(Records from a data collection)
+---+

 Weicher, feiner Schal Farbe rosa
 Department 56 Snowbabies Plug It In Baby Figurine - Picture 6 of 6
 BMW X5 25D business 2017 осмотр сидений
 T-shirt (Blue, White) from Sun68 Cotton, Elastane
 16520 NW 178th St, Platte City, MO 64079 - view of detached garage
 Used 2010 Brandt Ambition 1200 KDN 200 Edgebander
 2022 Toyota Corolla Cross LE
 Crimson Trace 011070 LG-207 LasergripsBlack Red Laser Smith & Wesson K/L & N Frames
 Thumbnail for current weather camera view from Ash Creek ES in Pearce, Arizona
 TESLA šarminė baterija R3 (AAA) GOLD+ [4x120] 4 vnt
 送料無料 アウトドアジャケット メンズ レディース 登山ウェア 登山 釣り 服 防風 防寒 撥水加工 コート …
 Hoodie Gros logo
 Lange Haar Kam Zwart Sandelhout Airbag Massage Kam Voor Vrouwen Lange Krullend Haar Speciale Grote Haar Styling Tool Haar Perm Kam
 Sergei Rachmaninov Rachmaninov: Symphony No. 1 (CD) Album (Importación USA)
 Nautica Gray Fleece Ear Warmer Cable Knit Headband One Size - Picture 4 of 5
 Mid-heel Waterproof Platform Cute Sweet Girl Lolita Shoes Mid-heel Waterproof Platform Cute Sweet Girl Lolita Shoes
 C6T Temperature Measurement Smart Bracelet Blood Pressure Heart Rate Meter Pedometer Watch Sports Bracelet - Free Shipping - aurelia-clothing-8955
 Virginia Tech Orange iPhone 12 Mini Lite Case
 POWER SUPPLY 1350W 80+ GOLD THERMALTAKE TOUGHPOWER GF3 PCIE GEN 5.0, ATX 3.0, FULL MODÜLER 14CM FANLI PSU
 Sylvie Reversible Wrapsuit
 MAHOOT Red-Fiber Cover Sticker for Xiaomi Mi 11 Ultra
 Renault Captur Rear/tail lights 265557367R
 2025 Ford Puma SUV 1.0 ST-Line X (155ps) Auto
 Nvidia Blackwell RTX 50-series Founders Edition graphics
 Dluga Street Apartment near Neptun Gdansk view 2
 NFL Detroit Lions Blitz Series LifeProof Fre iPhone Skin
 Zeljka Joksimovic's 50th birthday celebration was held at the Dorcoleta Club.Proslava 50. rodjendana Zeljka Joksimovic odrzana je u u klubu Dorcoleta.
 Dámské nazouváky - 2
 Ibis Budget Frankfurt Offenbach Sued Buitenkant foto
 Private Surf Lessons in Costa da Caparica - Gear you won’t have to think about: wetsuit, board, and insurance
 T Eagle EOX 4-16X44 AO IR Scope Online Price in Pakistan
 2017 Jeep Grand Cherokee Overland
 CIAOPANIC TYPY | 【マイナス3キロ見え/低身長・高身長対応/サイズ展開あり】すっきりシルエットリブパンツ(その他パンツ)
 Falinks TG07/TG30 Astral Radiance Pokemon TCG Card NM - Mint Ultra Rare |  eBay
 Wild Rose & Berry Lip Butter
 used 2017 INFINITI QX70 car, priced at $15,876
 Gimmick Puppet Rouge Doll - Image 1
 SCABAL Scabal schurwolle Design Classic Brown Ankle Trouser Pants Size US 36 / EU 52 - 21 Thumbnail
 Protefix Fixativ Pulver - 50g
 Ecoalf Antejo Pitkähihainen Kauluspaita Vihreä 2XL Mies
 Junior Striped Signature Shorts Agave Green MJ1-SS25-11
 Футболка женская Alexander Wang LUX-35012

+---+

Problem. Start at the line containing "POWER SUPPLY 1350W". Repeat it and each line after it, word for word, to the end of the records.

Output for this task.
 POWER SUPPLY 1350W 80+ GOLD THERMALTAKE TOUGHPOWER GF3 PCIE GEN 5.0, ATX 3.0, FULL MODÜLER 14CM FANLI PSU
 Sylvie Reversible Wrapsuit
 MAHOOT Red-Fiber Cover Sticker for Xiaomi Mi 11 Ultra
 Renault Captur Rear/tail lights 265557367R
 2025 Ford Puma SUV 1.0 ST-Line X (155ps) Auto
 Nvidia Blackwell RTX 50-series Founders Edition graphics
 Dluga Street Apartment near Neptun Gdansk view 2
 NFL Detroit Lions Blitz Series LifeProof Fre iPhone Skin
 Zeljka Joksimovic's 50th birthday celebration was held at the Dorcoleta Club.Proslava 50. rodjendana Zeljka Joksimovic odrzana je u u klubu Dorcoleta.
 Dámské nazouváky - 2
 Ibis Budget Frankfurt Offenbach Sued Buitenkant foto
 Private Surf Lessons in Costa da Caparica - Gear you won’t have to think about: wetsuit, board, and insurance
 T Eagle EOX 4-16X44 AO IR Scope Online Price in Pakistan
 2017 Jeep Grand Cherokee Overland
 CIAOPANIC TYPY | 【マイナス3キロ見え/低身長・高身長対応/サイズ展開あり】すっきりシルエットリブパンツ(その他パンツ)
 Falinks TG07/TG30 Astral Radiance Pokemon TCG Card NM - Mint Ultra Rare |  eBay
 Wild Rose & Berry Lip Butter
 used 2017 INFINITI QX70 car, priced at $15,876
 Gimmick Puppet Rouge Doll - Image 1
 SCABAL Scabal schurwolle Design Classic Brown Ankle Trouser Pants Size US 36 / EU 52 - 21 Thumbnail
 Protefix Fixativ Pulver - 50g
 Ecoalf Antejo Pitkähihainen Kauluspaita Vihreä 2XL Mies
 Junior Striped Signature Shorts Agave Green MJ1-SS25-11
 Футболка женская Alexander Wang LUX-35012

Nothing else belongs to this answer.